Description of the task
Copy, exactly as written, the lines that begin at the one containing "We also have" and end at the one containing "First, make sure". Skip any pictures in the data below.

---- Material provided

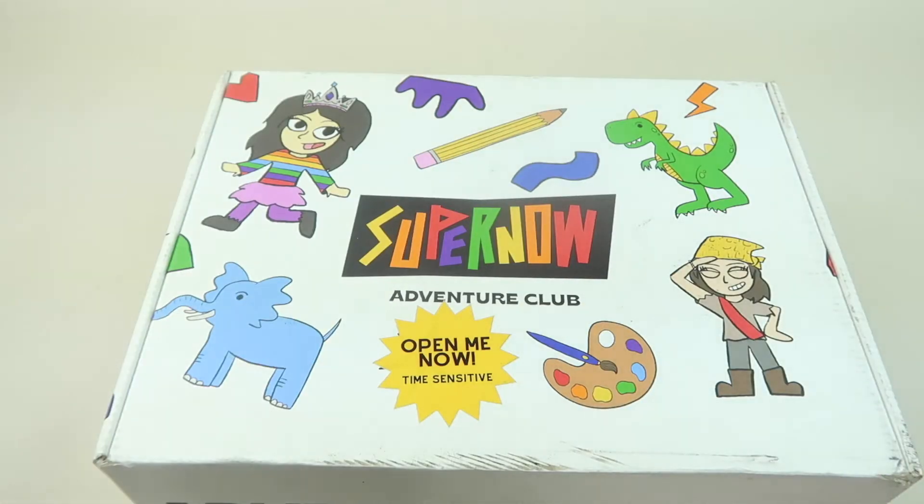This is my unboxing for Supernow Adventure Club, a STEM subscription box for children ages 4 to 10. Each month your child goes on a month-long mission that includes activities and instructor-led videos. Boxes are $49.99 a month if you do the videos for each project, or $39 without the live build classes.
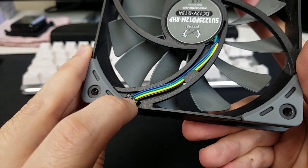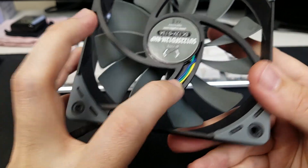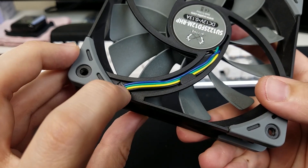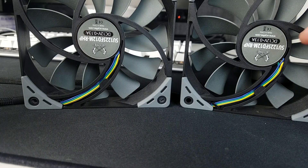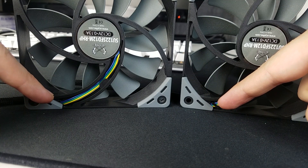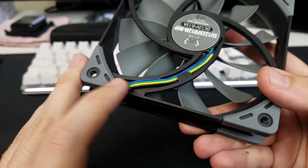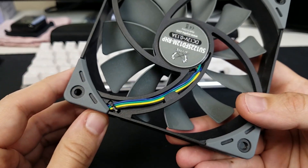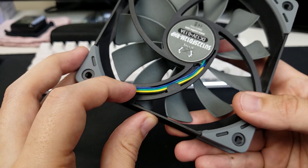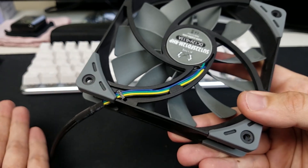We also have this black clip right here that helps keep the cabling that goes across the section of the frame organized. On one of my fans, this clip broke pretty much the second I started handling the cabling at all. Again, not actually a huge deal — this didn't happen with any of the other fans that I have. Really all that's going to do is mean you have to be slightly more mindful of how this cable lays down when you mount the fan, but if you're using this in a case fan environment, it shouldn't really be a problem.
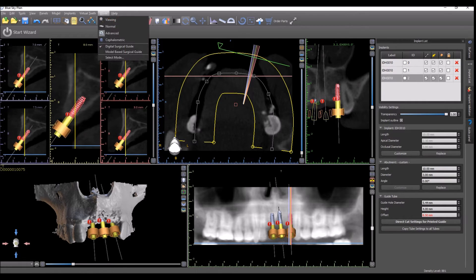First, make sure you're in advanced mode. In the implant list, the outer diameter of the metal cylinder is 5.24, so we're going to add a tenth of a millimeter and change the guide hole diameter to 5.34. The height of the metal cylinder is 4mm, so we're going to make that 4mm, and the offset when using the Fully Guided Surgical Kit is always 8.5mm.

--------
---- Material provided

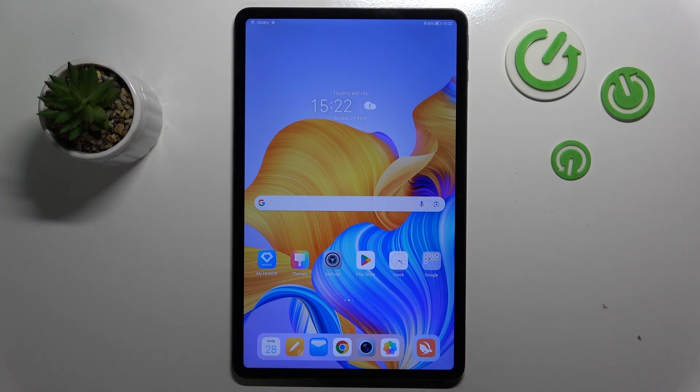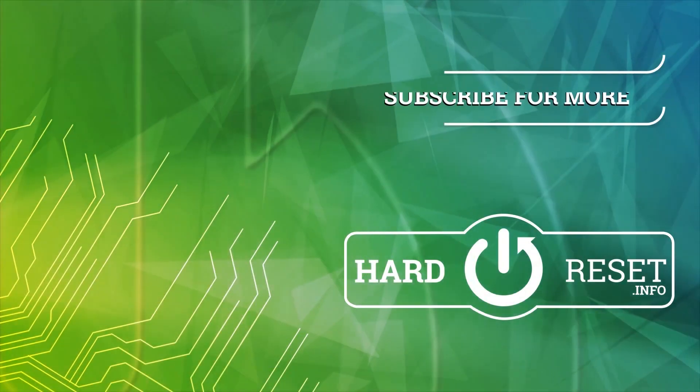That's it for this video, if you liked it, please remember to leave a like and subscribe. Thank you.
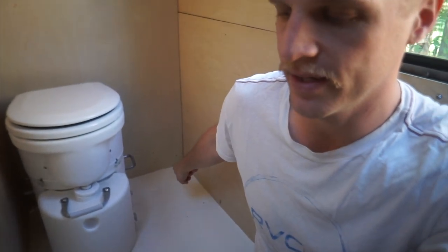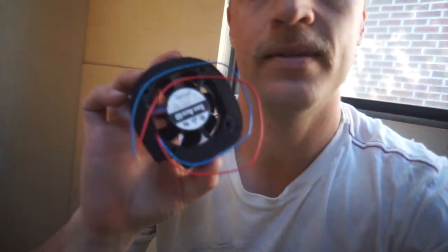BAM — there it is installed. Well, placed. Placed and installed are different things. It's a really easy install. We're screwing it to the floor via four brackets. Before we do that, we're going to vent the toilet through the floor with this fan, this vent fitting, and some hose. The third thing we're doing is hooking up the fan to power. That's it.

--------
---- Material provided

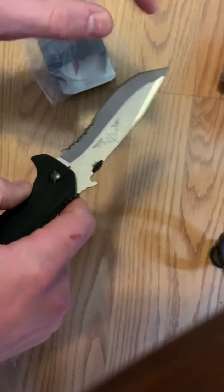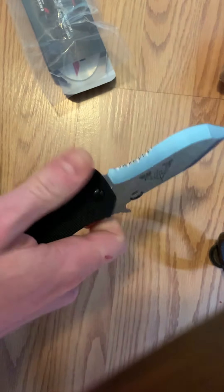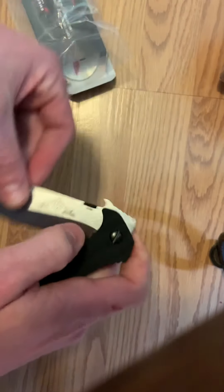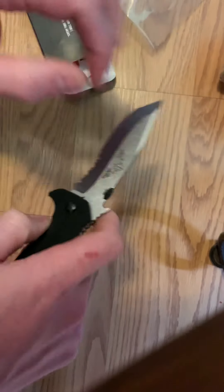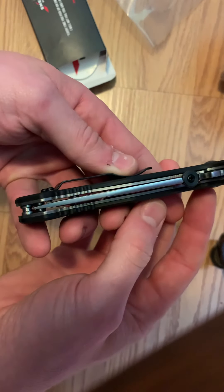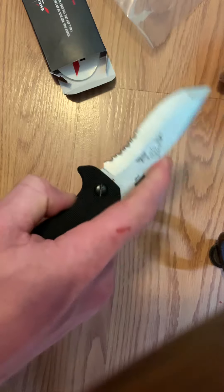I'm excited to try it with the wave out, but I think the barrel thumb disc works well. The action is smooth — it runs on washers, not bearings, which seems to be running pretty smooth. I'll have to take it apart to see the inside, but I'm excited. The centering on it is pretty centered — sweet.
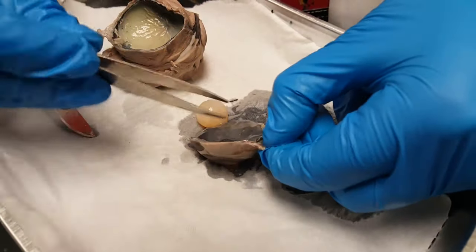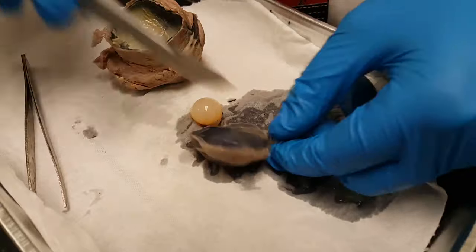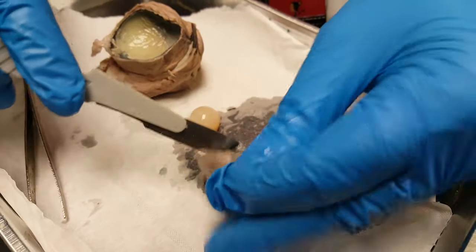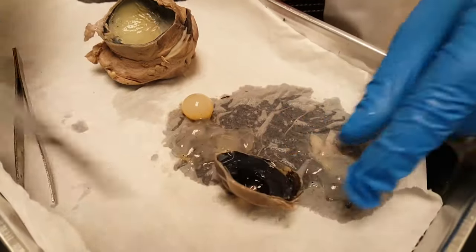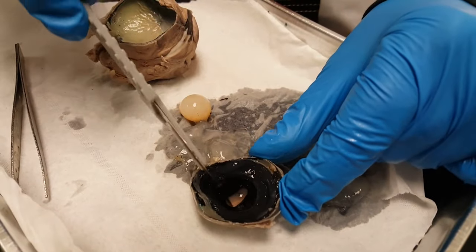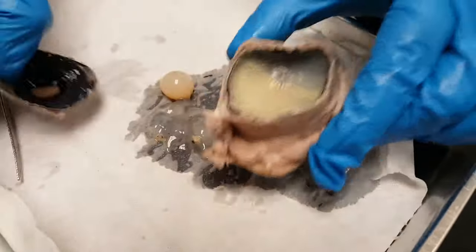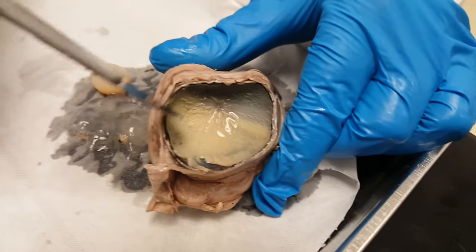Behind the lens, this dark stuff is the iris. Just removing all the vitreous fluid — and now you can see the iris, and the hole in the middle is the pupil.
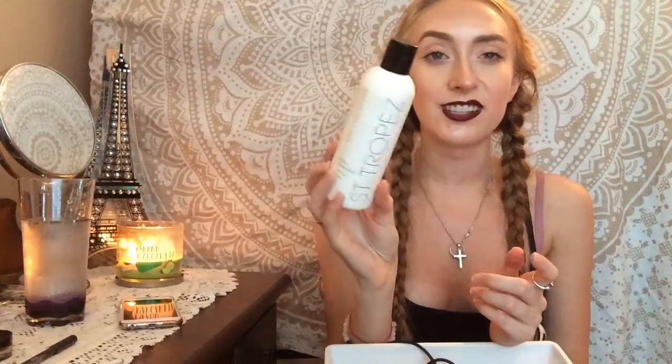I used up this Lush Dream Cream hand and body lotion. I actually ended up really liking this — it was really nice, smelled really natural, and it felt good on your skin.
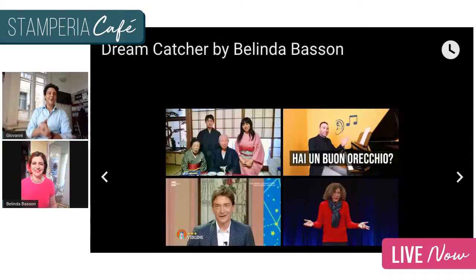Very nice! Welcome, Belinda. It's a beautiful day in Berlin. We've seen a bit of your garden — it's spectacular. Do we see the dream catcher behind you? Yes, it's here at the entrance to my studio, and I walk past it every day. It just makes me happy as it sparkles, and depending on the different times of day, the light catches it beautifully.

--------

The answer
We also have this black clip right here that helps keep the cabling that goes across the section of the frame organized. On one of my fans, this clip broke pretty much the second I started handling the cabling at all. Again, not actually a huge deal — this didn't happen with any of the other fans that I have. Really all that's going to do is mean you have to be slightly more mindful of how this cable lays down when you mount the fan, but if you're using this in a case fan environment, it shouldn't really be a problem.
First, make sure you're in advanced mode. In the implant list, the outer diameter of the metal cylinder is 5.24, so we're going to add a tenth of a millimeter and change the guide hole diameter to 5.34. The height of the metal cylinder is 4mm, so we're going to make that 4mm, and the offset when using the Fully Guided Surgical Kit is always 8.5mm.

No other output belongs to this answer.